When House Speaker John Boehner needs the votes to get something done, he turns to Democrats.
Yesterday, the House of Representatives
finally voted to approve long overdue relief aid for the victims of Hurricane Sandy. That's good news, and it's a story in and of itself, but there's another important story about vote—the measure passed despite overwhelming Republican opposition.
Here are the raw numbers:
Yeas: 241 (192 Democrats, 49 Republicans)
Nays: 180 ("Democrat" Jim Cooper + 179 Republicans)
This sort of thing isn't supposed to happen when Republicans control the house. Unlike Democrats, Republicans have a longstanding informal rule that no legislation will come up for a vote unless a majority of Republicans support it. That rule—dubbed the Hastert Rule after former GOP House Speaker Dennis Hastert—is supposed to prevent outcomes like the one last night, where a united Democratic Party teams up with a divided GOP to pass legislation overwhelmingly opposed by Republicans.

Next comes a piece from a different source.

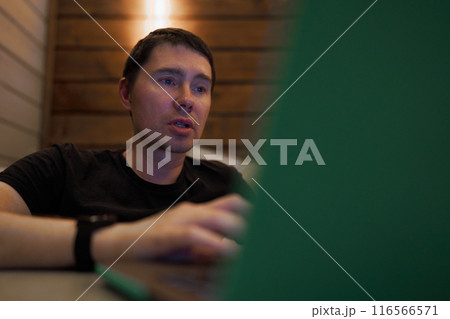 Man Engaged in Late-Night Work on Laptop Man Engaged in Late-Night Work on Laptop 116566571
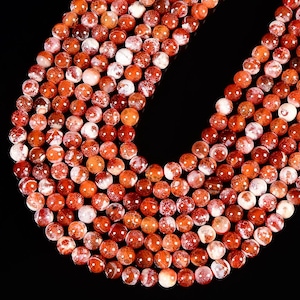 May include: A collection of round, polished beads arranged in a curved formation. Each bead features a marbled pattern with deep red, orange, and white tones, creating a cracked or webbed appearance across the smooth, spherical surfaces.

But last night they ignored the rule—and it was the second time they ignored it this year. The first time was on New Year's Day, when 85 Republicans joined 172 Democrats in passing the tax cliff deal despite opposition from 151 Republicans.
Until 2013, the Hastert Rule had only been broken once before under John Boehner's speakership, and that was on an obscure measure dealing with weights and measurements. Moreover, on that vote Republicans were actually nearly evenly divided, with 118 Republicans supporting the bill and 122 opposing it. (Boehner didn't vote, so it was really 119 to 122.)

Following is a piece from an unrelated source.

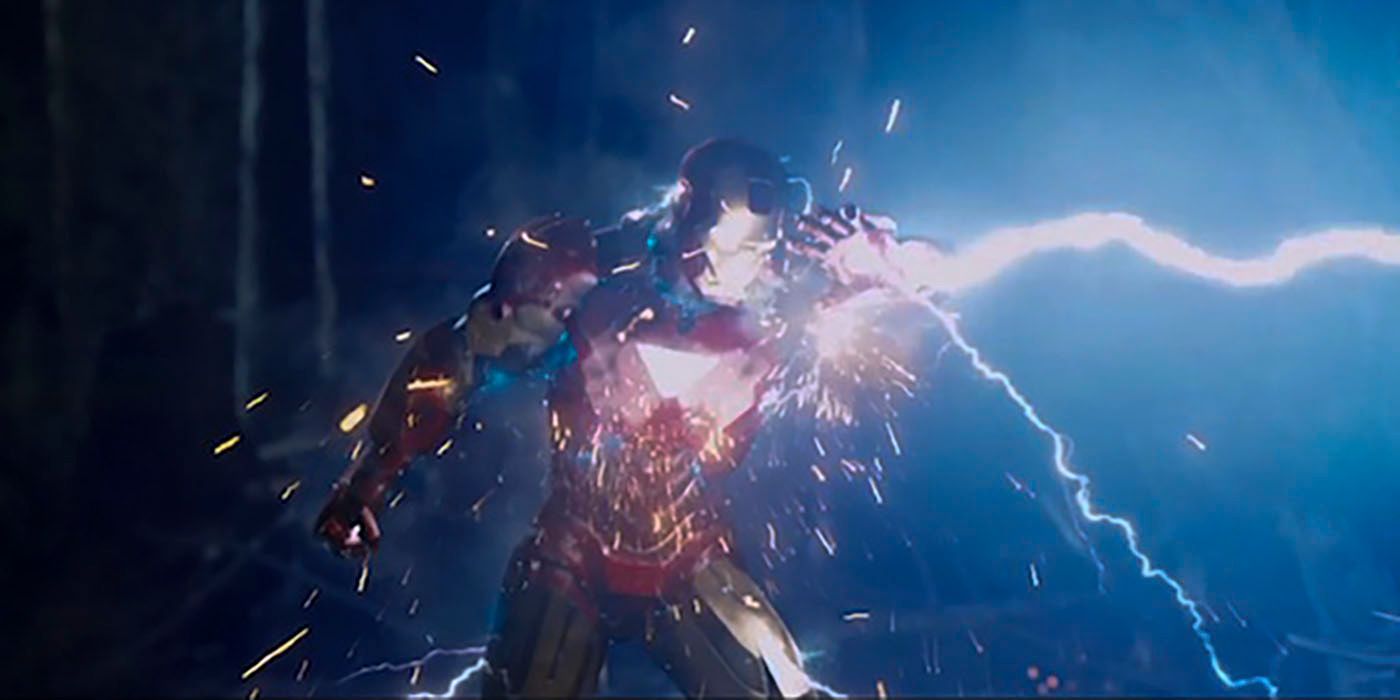 Tony Stark in the iron man armor holds one arm up to protect himself as a bolt of lightning hits the suit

Now, however, Republicans have done it twice—and they've done it twice in two weeks. Not only that, but yesterday the fifth-ranking House Republican refused to rule out doing it again with the debt limit. Altogether, it's as clear a sign as you could possibly get that Republican leaders aren't going to block a debt limit increase. Instead, they'll let their members create as much drama as possible, but will in the end allow the a debt limit increase to come to the floor where it will pass with the backing of all or nearly all Democrats.
Yes, it's true that far-right groups like Club for Growth, The Family Research Council, and The Heritage Foundation are still saber rattling about the debt limit. But these are the same clowns that were saber rattling about the Hurricane Sandy vote—and they lost. As Brian Beutler exhaustively outlines, every major sign points to a lack of resolve on the part of House Republican leadership to block an increase in the debt limit. And it's not just talking heads showing a lack of interest in brinksmanship. As Greg Sargent reported yesterday, there two Republican Senators have now gone on the record opposing a debt limit crisis.
And now that House Republicans have conducted back-to-back major votes in which they've basically ceded power to a coalition of Democrats and the handful of responsible Republicans, they've set a precedent—on major issues facing the nation, a minority of the House doesn't get veto power just because it happens to be a majority of the GOP. That precedent provides the only viable path forward on the debt limit and it is almost certainly the path that will ultimately be followed. The big question is whether it will tear apart the GOP in the process.